Mixed-device classification (combine controller and hand-tracking in training) achieves 94.19% accuracy (PIN 3197, window size 120) using FCN model.
Longer sliding window sizes (up to 120 frames) generally improve classifier performance, indicating rich motion context aids familiarity detection.
PIN complexity affects classification accuracy, with diagonally complex PINs like 2648 yielding higher accuracy than line-based PINs like 1379.
MLP, FCN, and InceptionTime classifiers outperform other tested architectures; FCN often delivers the most robust results across conditions.
Equal participant split between 13 experienced and 13 inexperienced VR users; total of 2080 trials collected across modalities.

Threat model

The adversary is a passive observer with access to motion trajectory data from VR interactions (controller or hand tracking) aiming to infer a user’s VR experience level (novice vs experienced). The adversary cannot manipulate the user’s input devices or the VR environment but tries to classify familiarity solely from behavioral biometrics during the passcode entry task. The model does not assume attacker access to internal VR system states or credentials.

Methodology — deep read

The threat model assumes an adversary aiming to infer whether a VR user is experienced or novice based on their behavioral biometrics captured during passcode entry interactions; the adversary cannot directly observe internal states or credentials, only motion data from VR devices.

Data were collected from 26 participants (13 experienced, 13 inexperienced) using a Meta Quest Pro headset. Each participant performed a virtual door unlocking task by entering one of four four-digit PIN codes (1379, 2468, 2648, 3197). Each PIN was entered 10 times per input modality (hand tracking and controller), resulting in 40 trials per modality per participant, and a total of 2080 trials. The study was conducted in two sessions separated by one month, balancing the order of input modalities for participants. 3D positional and orientation data were recorded at 72 frames per second.

The core classifiers evaluated included Multilayer Perceptron (MLP), Fully Convolutional Network (FCN), and InceptionTime architectures. Input windows of motion data were extracted with frame lengths varying from 50 to 120 frames and step size one. Models map sliding windows of 3D dominant hand positional data to a binary label indicating user VR experience (inexperienced or experienced).

Training used cross-entropy loss with label smoothing and the Adam optimizer. Experiments involved training/testing splits at the participant level (80% for training, 20% for testing) to ensure evaluation on unseen users. Four classification scenarios were studied: controller-only training/testing, hand-tracking-only, cross-device (train controller, test hand tracking), and mixed-device (train and test on both modalities combined).
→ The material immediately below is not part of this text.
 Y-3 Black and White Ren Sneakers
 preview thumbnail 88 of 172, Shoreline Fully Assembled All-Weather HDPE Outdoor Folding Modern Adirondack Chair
Models were trained on an NVIDIA RTX 4090 GPU for 1000 epochs. Evaluation metrics included accuracy and area under the ROC curve (AUC). PIN-based and window length ablations were performed to analyze performance variability. The methodology supports generalization by assessing cross-modality transfer.

As a concrete example, for PIN 3197 with hand-tracking data at 90-frame windows, the InceptionTime model achieves 92.05% accuracy in distinguishing experienced vs inexperienced VR users based purely on hand movement trajectories during PIN entry. Cross-validation ensured no participant data in training were leaked to testing.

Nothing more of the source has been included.